So, earlier this year, I decided to go back to college full time and I knocked it out of the park with making the Dean’s List, an invitation to the Honor’s College and Honor Society and a perfect 4.0. I’m damn proud if I do say so myself. Repeated the same grades again this Fall. It feels wonderful to be really close to my first degree and finishing up the last 13 credits over the next year. I’m also very grateful for the support I had. It was crazy taking all the classes online and during a compressed semester. I learned a lot and really enjoyed the classes, but goodness I think I wrote like 26 papers throughout it all.
Then, everything changed this past September when I was proposed to in the middle of the Atlantic Ocean and said yes. I never thought I would actually move in this direction again. I had a few (awful) false starts over the past several years that I wouldn’t wish on an enemy, but here I am, happy and ready to settle down. Well, we’re already settled, but making it official in the near-ish future.
I’m a firm believer in the above statement. There are so many things that had to happen, both bad and good, to get to that moment on that ship when he put that ring on my finger. Worlds collided, almost came apart and back together again and here we are. It’s a good path, a solid path and one that I can be proud of. I think that for so long, I existed in a stagnation that was palpable and deliberate. However, once I decided to move away from that droning, “Groundhog Day” like existence, it was for the greater good. Sure, it was trying, tumultuous and exhilarating, but…
I can pretty much say with all assurance that it will not be a huge, grand affair. We’ve both been down that road before, unsuccessfully (obviously). However, it feels right and there are so many things that I never thought I would do again. I never thought I’d go back to college full-time and here I am.
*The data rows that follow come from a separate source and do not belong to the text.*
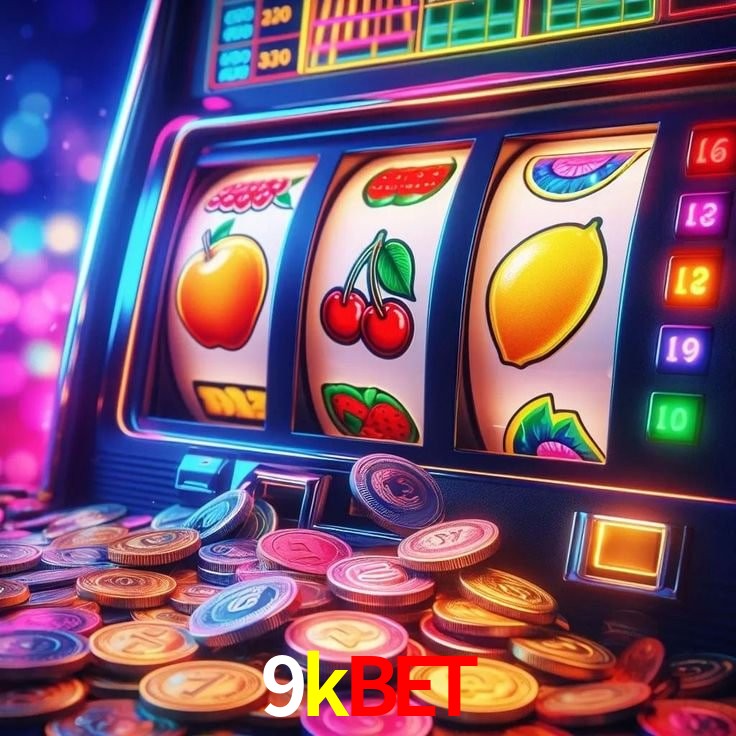Estatísticas Crash Games 9kbet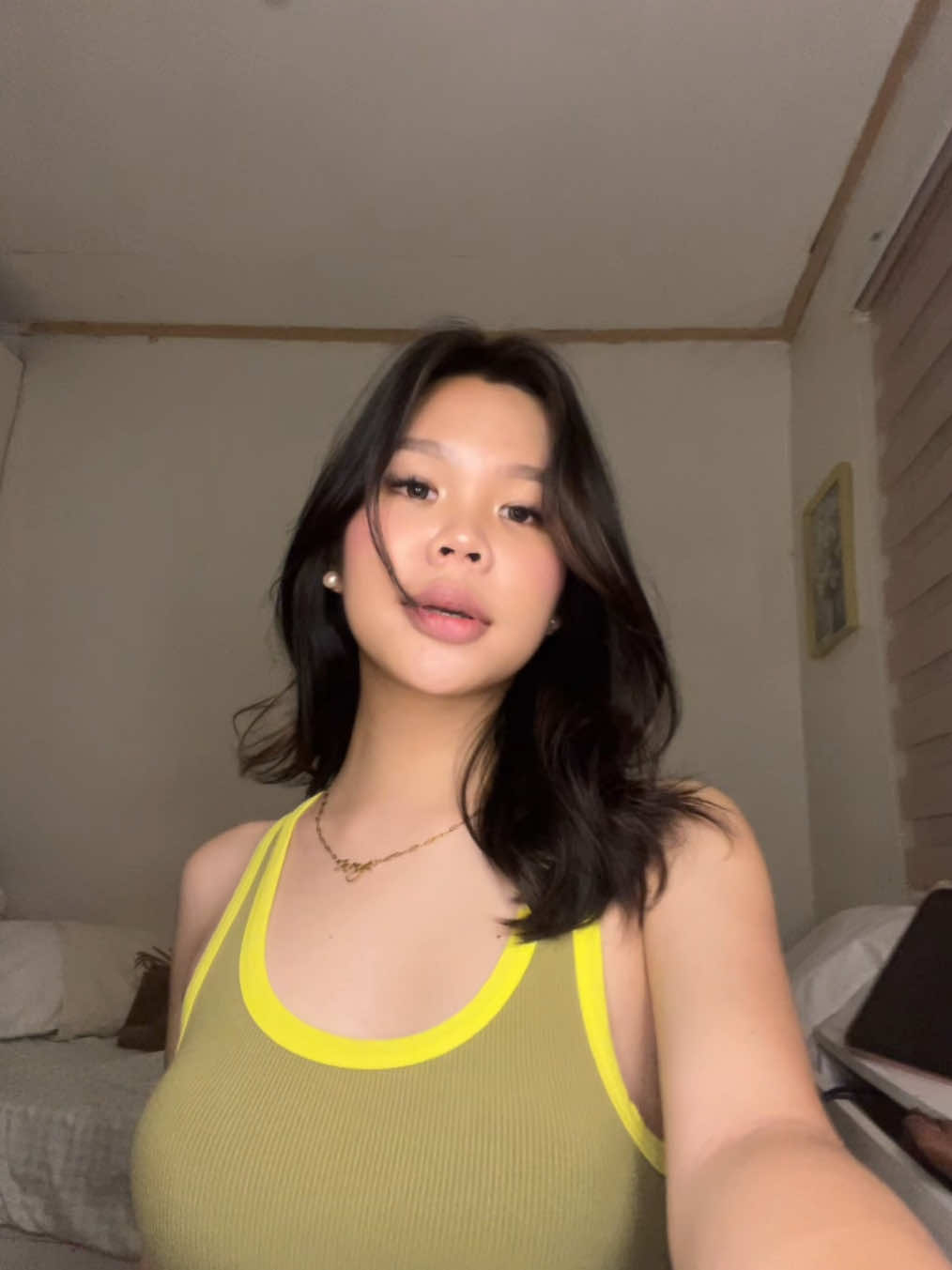 @inenggggggr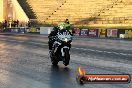 Sydney Legal Drag Racing 18 01 2012 - 20120118-JC-SD_0581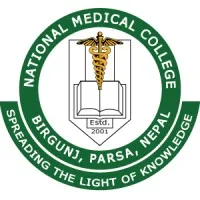 National Medical College & Teaching Hospital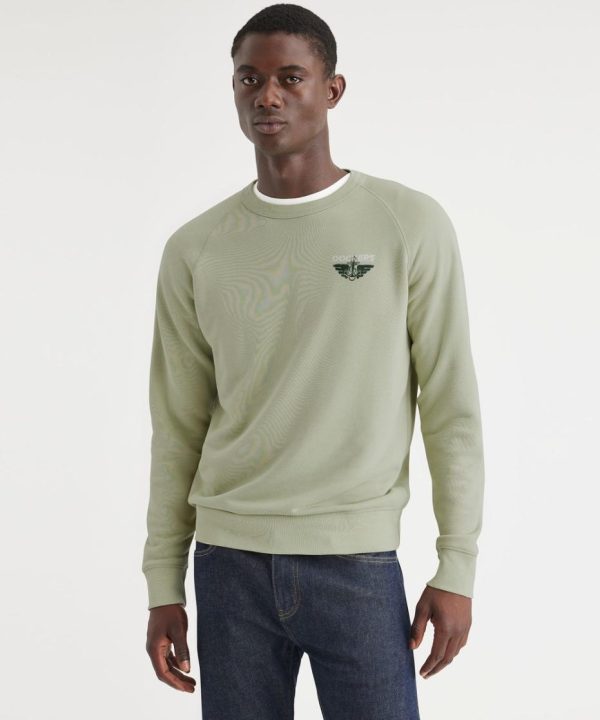 Lilazen.com5800557339 1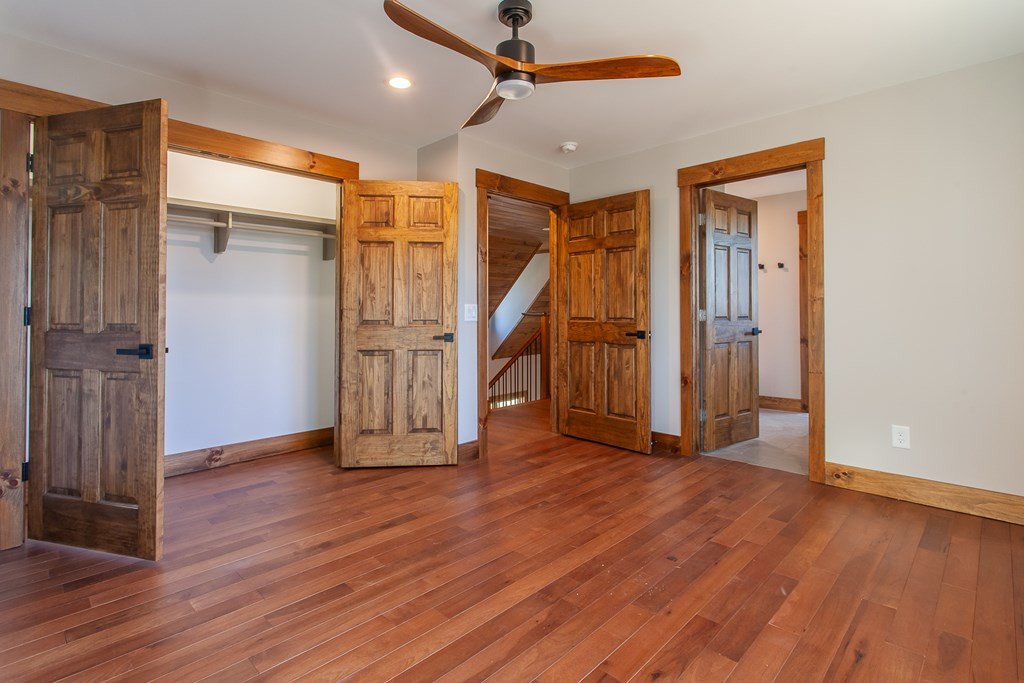 359 Sunrise Street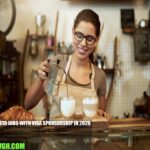 Turkey Barista Jobs with Visa Sponsorship in 2026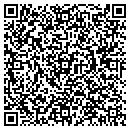 QR code with Laurie Schick contacts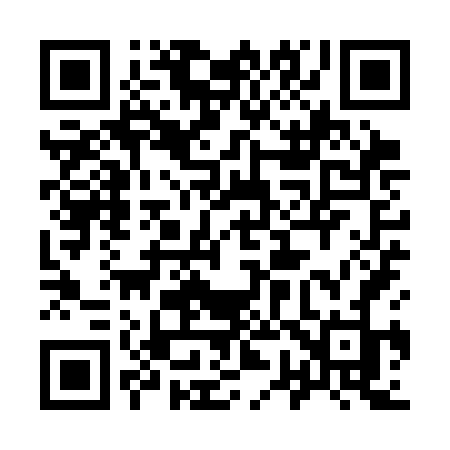 QR code for 979SFJ
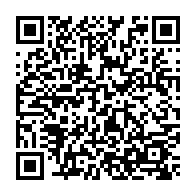 qrcode:https://www.college-max-jacob-josselin.ac-rennes.fr/658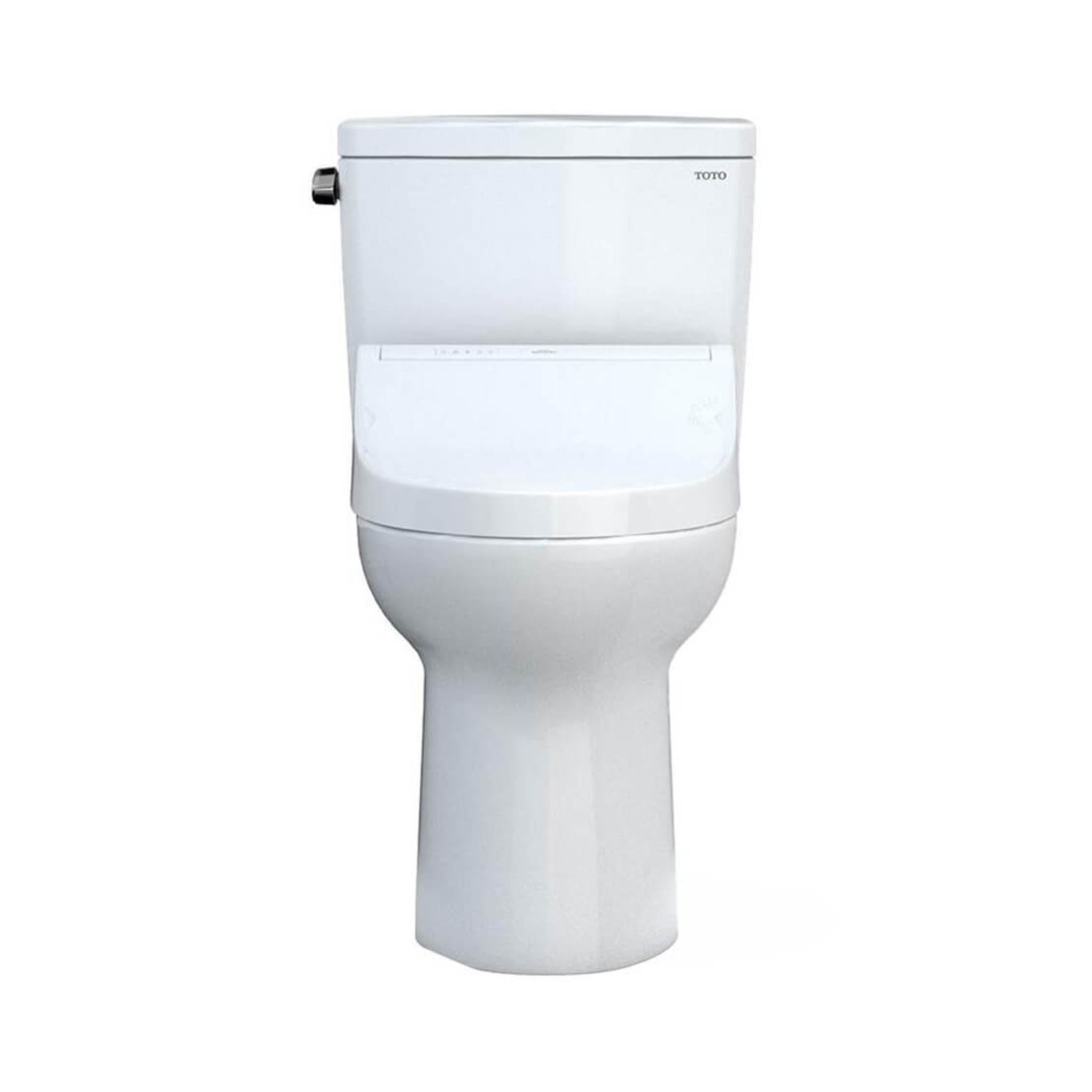 [MW7763084CEFG#01] TOTO Drake 1.28 GPF Washlet Universal Height Chair With C5 Bidet Toilet Seat (SAK70835) – SAKSBY WHOLESALE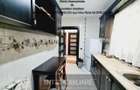 Casa Single de Inchiriat 350 mp Teren Complet Renovata (2025) Horpaz - 7
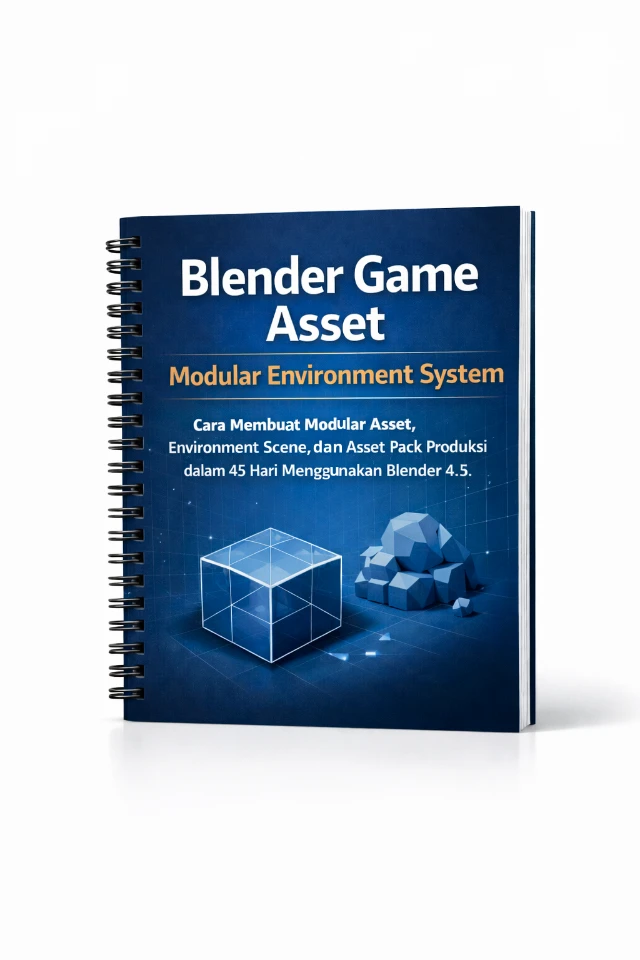 1770907525368-Blender Game Asset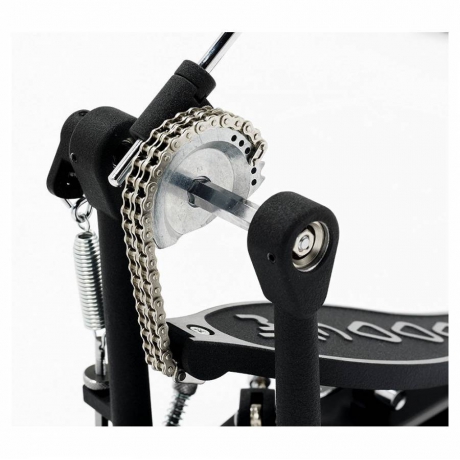 dw Drums DWCP3000 Kick Pedalı<br>Fotoğraf: 2/4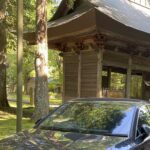 夢が小説のヒントになるほど長編ストーリーな件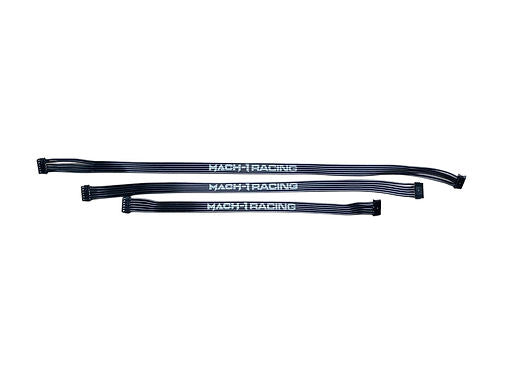 MACH-1 RACING // BRUSHLESS MOTOR SENSOR WIRE 150mm
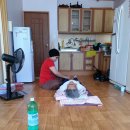 왕산경로당 이미지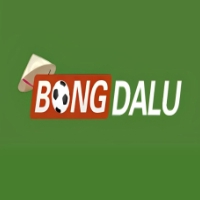 kqbongdalu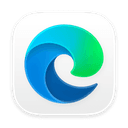 Microsoft Edge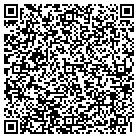 QR code with Winter Park Library contacts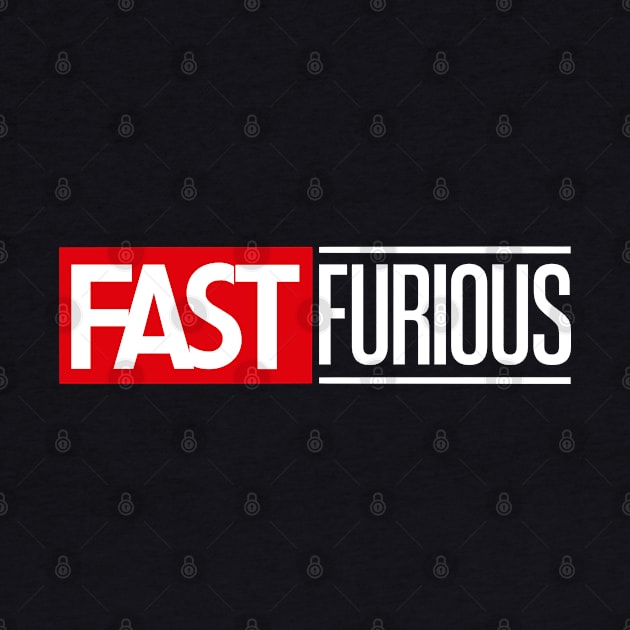 Marvel Logo Parody The Fast And The Furious Torretto Oconner Fast X Roman Pearce by ArtIzMuzikForTheEyez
I never thought I would be searching for a full-time job again and think about giving up my freelance writing (I still might not lol). Planning a wedding wasn’t something I thought of either, but well, here I am.
I used to be pretty afraid of change. So many times I’d faced it, it seems I would get burned or make a brash decision that didn’t make sense afterwards. I guess sometimes you need to take chances and follow your instincts. I’m really glad I did.